TSV format of Phantomscan


Intended audience: data administrators, developers

Phantomscan is an in-store productivity webapp that helps store employees to get rid of phantom inventory. In order to do that, Phantomscan can import inventory data from plain text files published on an FTP server in TSV format, as long as the files are provided in a predefined format.

See also our BigFiles, our file hosting service that supports FTP. Push your files directly to Lokad.
Phantomscan relies on two types of files:

  • regular snapshots of inventory state at points in time, where each file is separate snapshot
  • continuous history of recorded inventory movements over periods of time, where each file represents a portion of ongoing history.

This document details how to setup these TSV files in a way that will enable Phantomscan to auto-import your inventory data without any further integration needed from Lokad's side.

Download sample TSV files


Tab-separated Values (TSV)

TSV stands for Tab-separated Values. It is a format of storing datasets in a specially formatted text files, which can be used by software. Although the format is extremely old, it works surprisingly well for data exchange with large datasets.

TSV format is defined by:
  • A file in TSV format consists of lines.
  • Each line contains fields separated from each other by TAB characters (horizontal tab, HT, ASCII control code 9).
  • "Field" means here just any string of characters, excluding TABs. The point is simply that TABs divide a line into pieces, components.
  • Each line must contain the same number of fields.
  • The first line contains the names for the fields (on all lines), i.e. column headers.

Since TAB is used as a separator between fields, a field cannot contain a TAB. However, TABs usually don't appear in data items that you wish to tabulate, so this is seldom a restriction. Otherwise, we suggest to strip them upon export, replacing with 4 space characters.

More detailed description (along with instructions to Export from Excel) is available: Tab Separated Values (TSV): a format for tabular data exchange

Numbers and dates

In all TSV files, floating numbers must be formatted using . (dot) as decimal separator. No other digit separators are allowed.

  • Good: 1234.00
  • Good: -12
  • Bad: 1234,12
  • Bad: 1.123,12
  • Bad: 1,123.12

All dates should be formatted using yyyy-MM-dd pattern or yyyy-MM-dd HH:mm:ss pattern, where:

  • yyyy - 4 year digits
  • MM - 2 month digits
  • dd - 2 day digits
  • HH - 2 digits of time in 24 hour format
  • mm - 2 minute digits
  • ss - 2 second digits

For example:

  • Good: 2012-09-18
  • Good: 2012-09-18 19:23:00
  • Bad: 2012-9-18
  • Bad: 9-18-2012
  • Bad: 18-9-2012
  • Bad: 18-9-2012 5:34 PM

Prices and currencies

All prices are expected to be expressed in the canonical currency unit, following the guidelines here above for floating numbers. A given Phantomscan project supports only a single currency. The currency is defined from the Phantomscan settings.
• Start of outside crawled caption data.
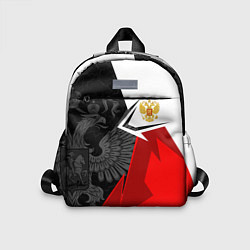 Детский рюкзак Герб России - красно-белый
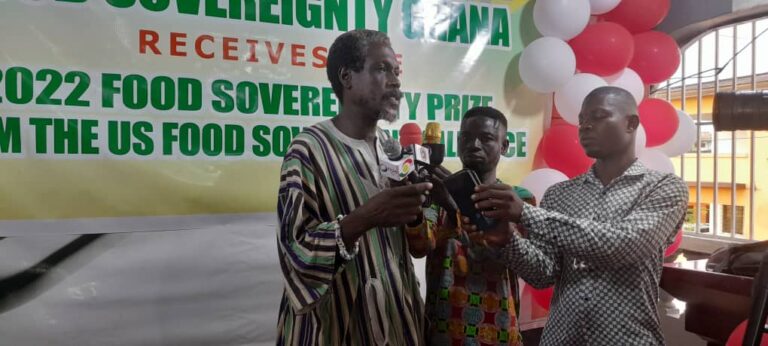 US Food Sovereignty Alliance honours Food Sovereignty Ghana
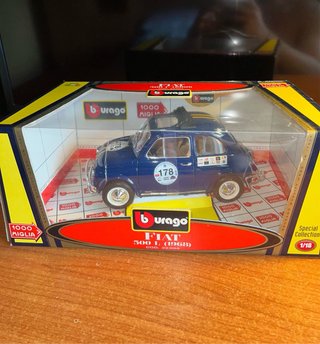 Fiat 500 L 1968 Bburago 1/18 1000 Miglia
For example, in order to represent $199.50:

  • Good: 199.50
  • Bad: $199.50
  • Bad: 199.50 USD
  • Bad: 19950 (cents not USD)

Overall file hierarchy

Phantomscan imports two types of files:

  • SKU files - include static information about each SKU, generally representing a snapshot of inventory at certain point in time
  • inventory events files - include the history of inventory movements during a certain period of time.
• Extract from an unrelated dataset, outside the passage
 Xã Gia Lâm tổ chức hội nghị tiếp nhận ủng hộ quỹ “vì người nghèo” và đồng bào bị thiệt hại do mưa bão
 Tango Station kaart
These files are to be uploaded to a FTP directory exposed to Phantomscan. This directory can be kept up-to-date by uploading new files, while preserving existing files. Here's how such a directory might look like:

    /Phantomscan_InventoryEvents_2009-01-01.tsv
    /...
    /Phantomscan_InventoryEvents_2012-12-14.tsv
    /Phantomscan_InventoryEvents_2012-12-15.tsv
    /Phantomscan_InventoryEvents_2012-12-16.tsv
    /Phantomscan_SKUs_2009-01-01.tsv
    /...
    /Phantomscan_SKUs_2012-12-14.tsv
    /Phantomscan_SKUs_2012-12-15.tsv
    /Phantomscan_SKUs_2012-12-16.tsv

The lines with ... represent omitted set of files.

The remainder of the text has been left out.